Here we provide you ready-to-use data for testing TranslocatoR. Run TranslocatoR yourself:
translocatoR(
data.folder = "data/example-data/example-input",
output.folder = "data/example-data/example-output/your-output",
samples = "RPE-BM510",
options = "majority",
trfile = "data/example-data/example-input/trfile-example.txt",
)
- MosaiCatcher output-folder structure containing "RPE-BM510" as a sample:
data/example-data/example-input
- Example file containing the manually-identified strand states of the suspected translocation
data/example-data/example-input/trfile-example.txt
- We provide you with the expected example-run output:
data/example-data/example-output/example-run
- If you have run TranslocatoR yourself the output can be found here:
data/example-data/example-output/your-output
translocation.txt
The primary output-file of interest.
- SegA/SegB: chromosomes that are affected by translocation: SegA translocates to SegB, haplotypespecific.
- cor: Positive/negative correlation.
- p: p-value
- x: Number of matching states.
- n: Number of cells.
- pBH: FDR-adjusted p-value.
The other output files are useful for further reference, but not crucial.
outliers.txt
Outlyer cells that do not match the segregation pattern for any of the identified translocations. Can be used to double-check the listed cells.haplotypes-per-arm-txt
Matrix containing all split haplotypes per cell.pvalue-table.txt
Full matrix of segment comparisons and p-values; no cut-off applied.recurrent-segments.txt
Matrix of recurrent segments (>1x; not entire chr). Lists start-/end-point in N-cells. Can be used to infer breakpoint and thus validate the detected translocations.

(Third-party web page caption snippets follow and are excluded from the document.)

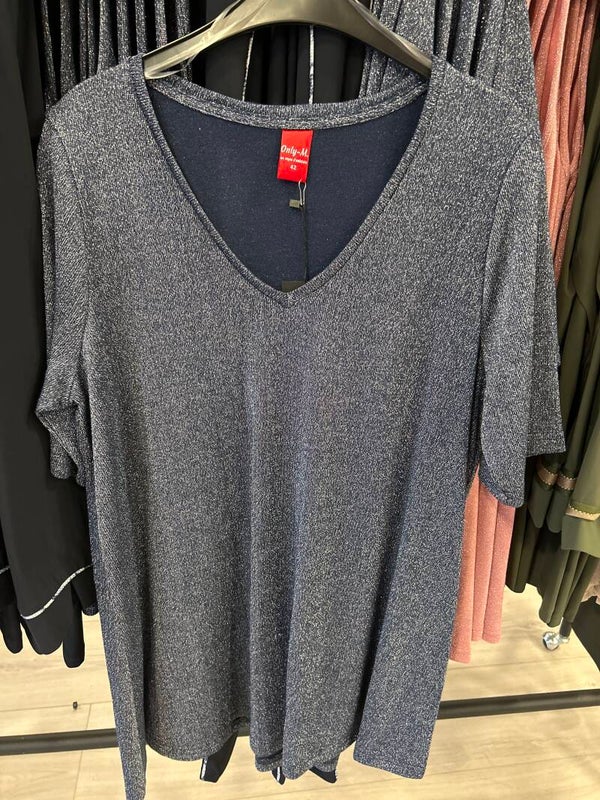 Only M V hals Glitter Special Made Blauw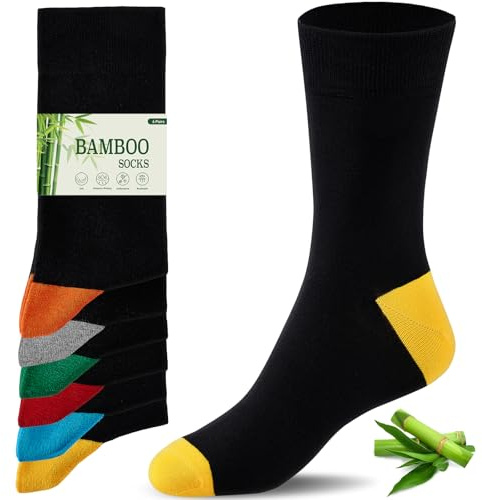 Niofind Bamboo Socks for Men and Women, 6 Pairs Crew Seamless Soft Colored & Black Dress Socks Multipack 9-12, Breathable, Durable, Odorless, Comfortable, Valentines Birthday Gifts for Him Her Couples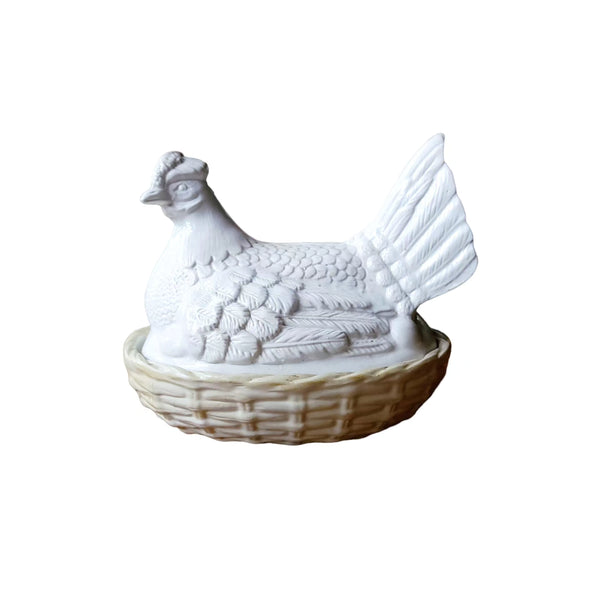 Antique Staffordshire Hen In A Basket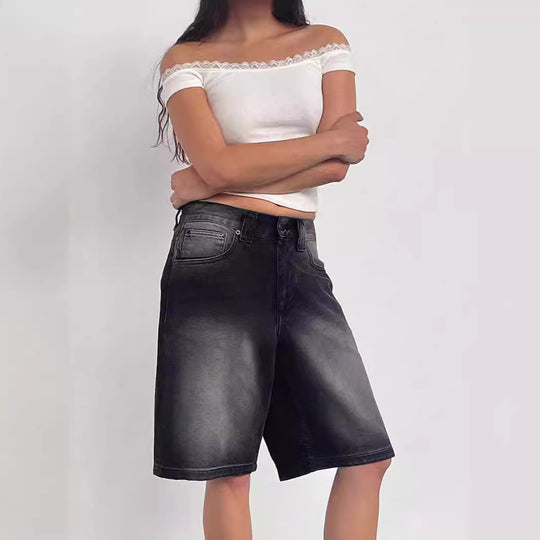 Damen lässige Denim-Shorts mit weitem Schnitt und hohen Seitentaschen EB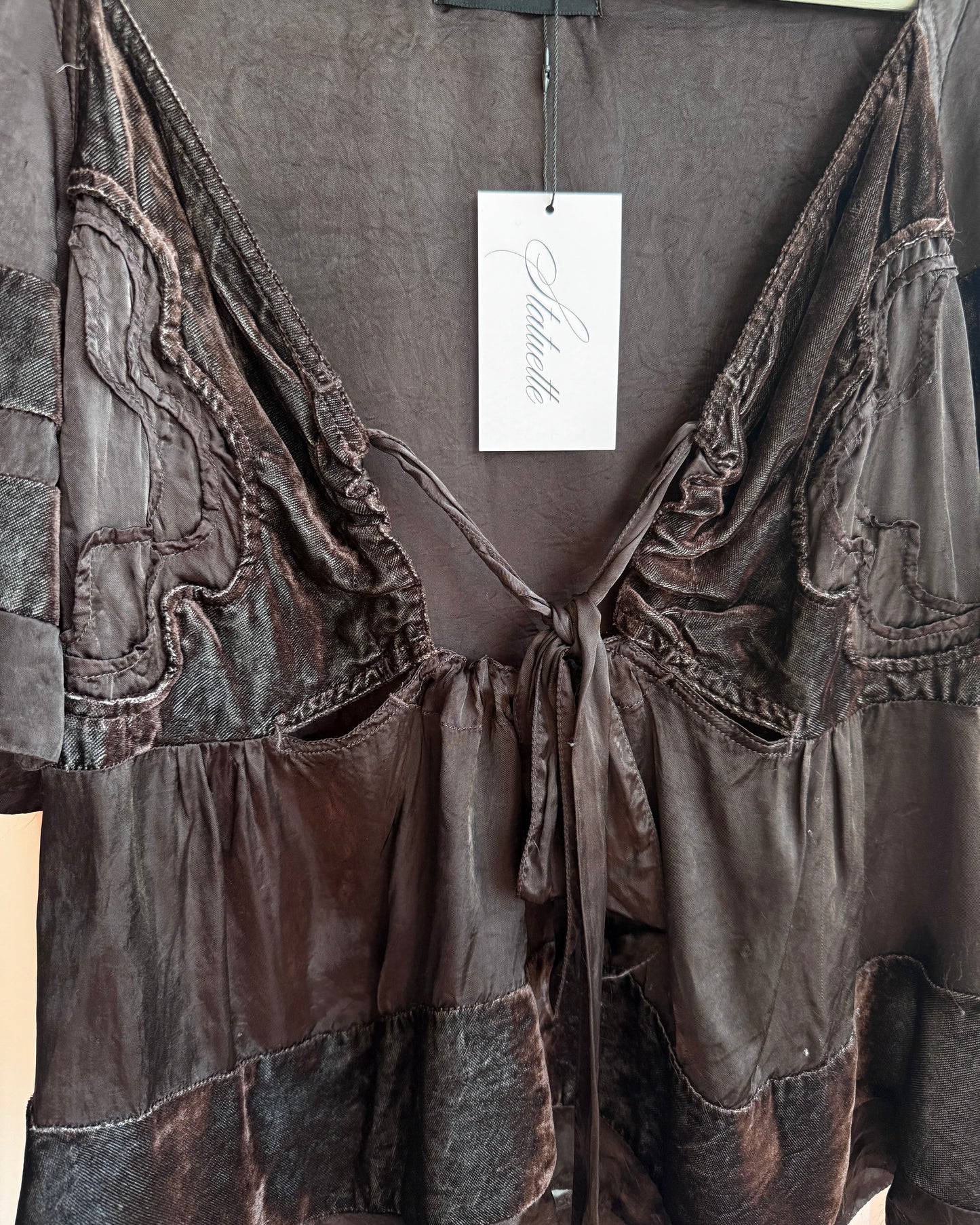 Zucca Chocolate Brown Velvet & Satin Babydoll Top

The output-file of primary interest is translocations.txt
where TranslocatoR gives a list of detected translocation candidates ordered by FDR-adjusted p-values depending on the set cut-off. This list is affected by the arguments used for the run.
In our example you can see of the three candidate translocation partners found for the tested segment (specified by trfile.txt
) chr10tr chrX.H2
is the most probable partner. This coincides with the previously described translocation der(X)t(X;10) (Janssen et al., 2011, DOI: 10.1126/science.1210214).
Hence, by going back to the data and looking at the candidate translocations in the other files provided by TranslocatoR and the MosaiCatcher pipeline, one can evaluate the candidate translocations.